Dans ce roman, Mutt-Lon raconte l’histoire d’Alain Nsona qui, pour venger la mort prématurée de sa sœur, va devenir un ewusu (sorcier) capable de voler librement dans la nuit. Il va forcer les portes de ces forces mystérieuses qui régissent la communauté depuis des millénaires à partir d’un certain nombre de codes réservés aux initiés. Nsona a été enrôlé dans le cercle par Ada, puissant sorcier à la tête d’une académie de sages. Par la suite, Il sera contraint d’effectuer un voyage dans le temps, avec pour mission de rapporter la formule de la dématérialisation des objets. Soucieux de mettre leurs connaissances occultes au service du progrès, ces sorciers appelés ewusus projettent en effet de réaliser une révolution scientifique.
Bien que « Ceux qui sortent dans la nuit » soit un roman, fruit d’une pure imagination, elle renferme des vérités immuables. Les sorciers existent et possèdent des forces mystiques. Mais la question que l’on se pose en lisant le roman et après avoir suivi les exposés de l’auteur est la suivante : existe-t-il une sorcellerie positive ? Une sorcellerie capable de booster la révolution scientifique de l’Afrique ? Difficile de répondre, puisque le roman prend fin lorsque Alain Nsona est revenu de son voyage. L’auteur laisse les lecteurs poursuivre la réflexion.

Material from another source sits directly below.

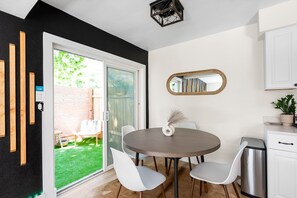 The design of our kitchen area is finally complete with a chest of drawers, coffee table, and a beautiful window that brings in natural light.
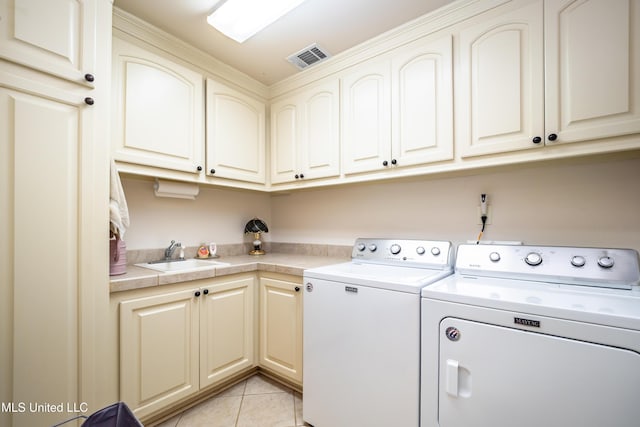 704 Tortoise Rdg, Brandon, MS 39047 - laundry room with washing machine and clothes dryer, cabinet space, and light tile patterned floors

Une lecture approfondie nous aide à comprendre les ambitions de Mutt-Lon. L’auteur camerounais pense que les Africains doivent retourner à leur source, dans le passé en 1705 (18è siècle), pour épouser à nouveau leurs racines. Pour lui, ce retour à la culture ancienne permettra aux Africains d’être l’auteur de leur propre révolution plutôt que de copier l’Homme Blanc. Les Noirs devraient s’accrocher à leurs racines, à leurs langues, à leurs coutumes… et réfléchir là-dessus pour créer des avancées au niveau du progrès de l’humanité et du progrès de la science.
Retourner à sa source est une idée à laquelle nous souscrivons. Mais y retourner principalement pour la découverte du fonctionnement des formules de dématérialisation comme c’est le cas dans « Ceux qui sortent dans la nuit » nous pousse à émettre des réserves. L’Afrique a perdu beaucoup d’autres valeurs que Mutt-Lon pouvait nous inviter à chercher. Quant à la sorcellerie, dont il fait cas dans son roman, on se demande toujours si elle a un côté positif et peut apporter réellement un plus à la révolution scientifique de l’Afrique.
Monteur à la télévision d’État camerounaise, la CRTV, Mutt-Lon est né en 1973 à Bafia (Cameroun). Il a occupé ce poste après avoir enseigné les mathématiques. Son premier roman « Ceux qui sortent dans la nuit », a reçu le Prix Ahmadou Kourouma 2014.